• _PROBLEM STATEMENT_
Return, exactly as written, the line containing "patate oggi come" and every line after it to the end of the records below, with no pictures.

• _THE DATA_
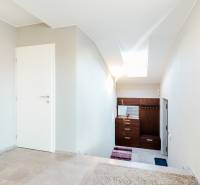 PREDAJ  kompletne prerobený 3 izbový rodinný dom, Nitra - centrum - Interiér rodinného domu s dlažbou a bielymi stenami, schodisko a svetlík.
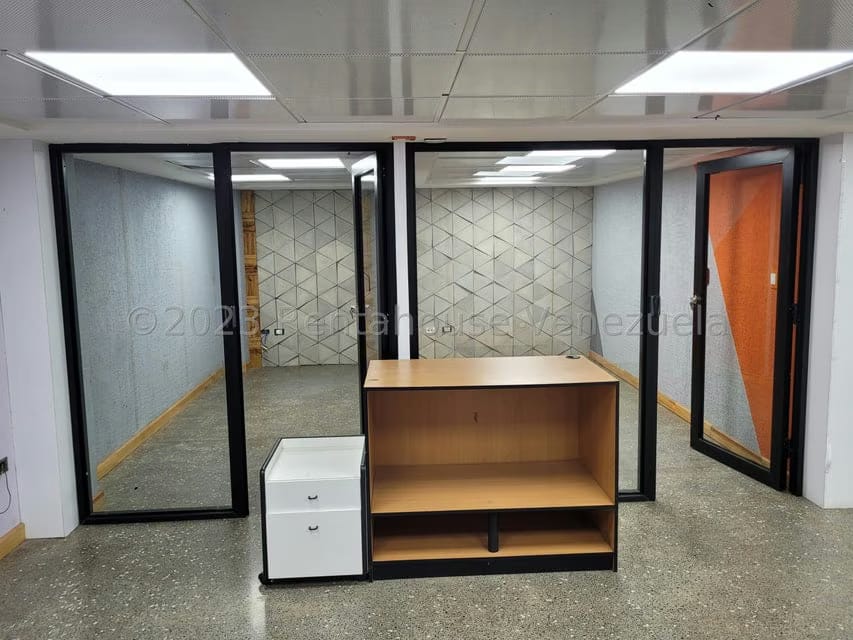 Comercial (Oficina) en Alquiler en La Yaguara, Distrito Metropolitano - 14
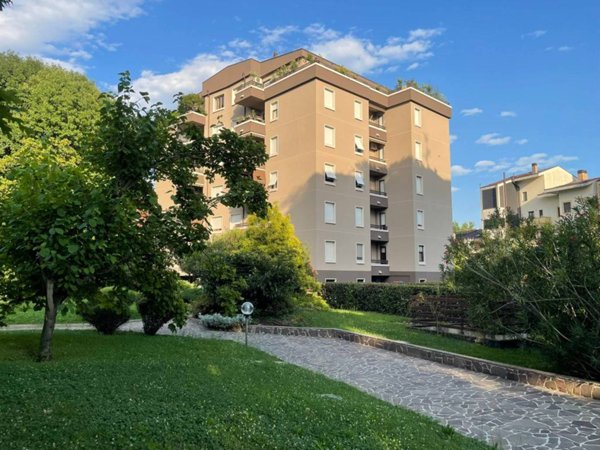 appartamento in vendita a Monza in zona Centro Storico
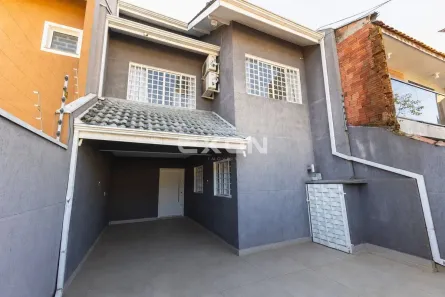 Sobrado com 3 Quartos à venda, 152m² no Guabirotuba, Curitiba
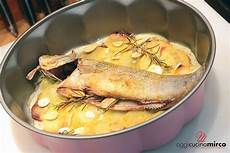 come cucinare spigola al forno spigola al forno con odori mandorle e patate oggi come cucinare spigola al forno spigola al forno con odori mandorle e patate oggi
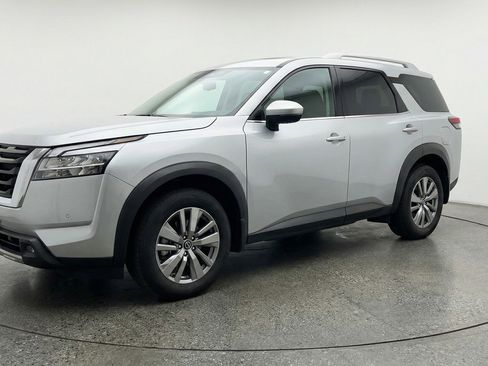 Used 2025 Nissan Pathfinder SV FWD image 3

• _EXPECTED OUTPUT_
 come cucinare spigola al forno spigola al forno con odori mandorle e patate oggi come cucinare spigola al forno spigola al forno con odori mandorle e patate oggi
 Used 2025 Nissan Pathfinder SV FWD image 3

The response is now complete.